Some CSR systems serve as a dictation facility for word processors. Such a CSR system controls the receiving and recognizing of a spoken utterance and then sends each character corresponding to the recognized word to the word processor. Such configurations have a disadvantage in that when a speaker attempts to correct a word that was previously spoken, the word processor does not have access to the recognized word list and thus cannot display those words to facilitate correction.

SUMMARY OF THE INVENTION

The present invention provides a new and improved computer speech recognition (CSR) system with a recognition component and a dictation editing component. The dictation editing component allows for rapid correction of misrecognized words. The dictation editing component allows a speaker to select the number of alternative words to be displayed in a correction window by resizing the correction window. The dictation editing component displays the words in the correction window in alphabetical order to facilitate locating the correct word. In another aspect of the present invention, the CSR system eliminates the possibility, when a misrecognized word or phrase is respoken, that the respoken utterance will be again recognized as the same misrecognized word or phrase based on analysis of both the previously spoken utterance and the newly spoken utterance. The dictation editing component also allows a speaker to specify the amount of speech that is buffered in a dictation editing component before transferring the recognized words to a word processor. The dictation editing component also uses a word correction metaphor or a phrase correction metaphor which changes editing actions which are normally character-based to be either word-based or phrase-based.

BRIEF DESCRIPTION OF THE DRAWINGS

FIG. 1A illustrates a sample resizable correction window.

FIG. 1B illustrates the sample correction window after resizing.

FIG. 2A illustrates an adjustable dictation window.

FIG. 2B illustrates the use of a correction window to correct text in the dictation window.

FIGS. 3A-B illustrate the word/phrase correction metaphor for the dictation editing component.

FIGS. 4A-C are block diagrams of a computer system of a preferred embodiment.

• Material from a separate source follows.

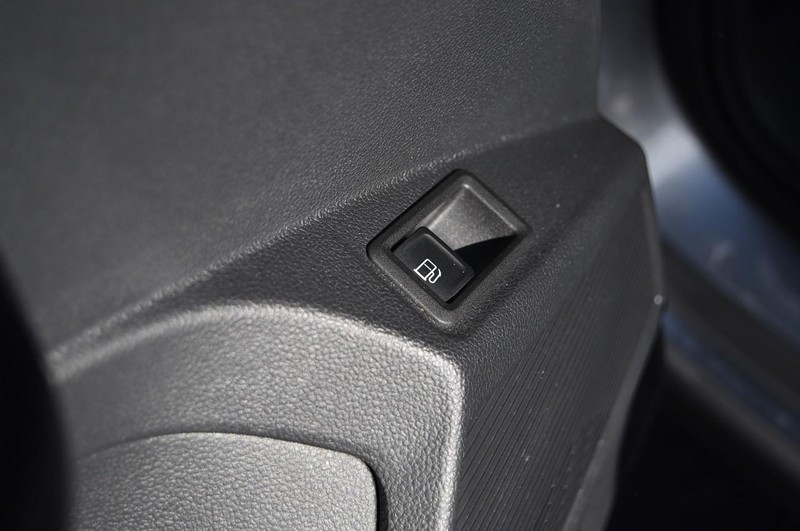 Volkswagen Taos Vehicle Image 09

FIG. 5A is a flow diagram of a dictation editing component with a resizable correction window.

FIG. 5B is a flow diagram of a window procedure for the resizable correction window.

FIG. 6 is a flow diagram of a dictation editing component with an adjustable dictation window.

FIG. 7 is a flow diagram of a window procedure for a word processor or dictation editing component that implements the word correction metaphor.

FIG. 8 is a flow diagram of a CSR system that eliminates misrecognized words from further recognition.

FIG. 9 is a flow diagram of automatic recognition training.

DETAILED DESCRIPTION OF THE INVENTION

The present invention provides for a dictation editing component that allows the editing of dictation produced by a computer speech recognition (CSR) system. In an exemplary embodiment, the dictation editing component allows a speaker to select the number of alternative words to be displayed in a correction window by resizing the correction window. The dictation editing component also displays the words in the correction window in alphabetical order. A preferred dictation editing component also eliminates the possibility, when a misrecognized word is respoken, that the respoken utterance will be again recognized as the same misrecognized word. The dictation editing component, when providing recognized words to an application program, such as a word processor, preferably allows the speaker to specify the amount of speech that is buffered by the dictation editing component before transferring recognized words to the application program. In the following, the various aspects of the present invention are described when used in conjunction with a discrete CSR system (i.e., the speaker pauses between each word). These aspects, however, can also be used in conjunction with a continuous CSR system. For example, the correction window can be resized to indicate the number of alternative phrases to be displayed. Also, when a speaker selects a phrase to be replaced, the user interface system can ensure that the same phrase is not recognized again.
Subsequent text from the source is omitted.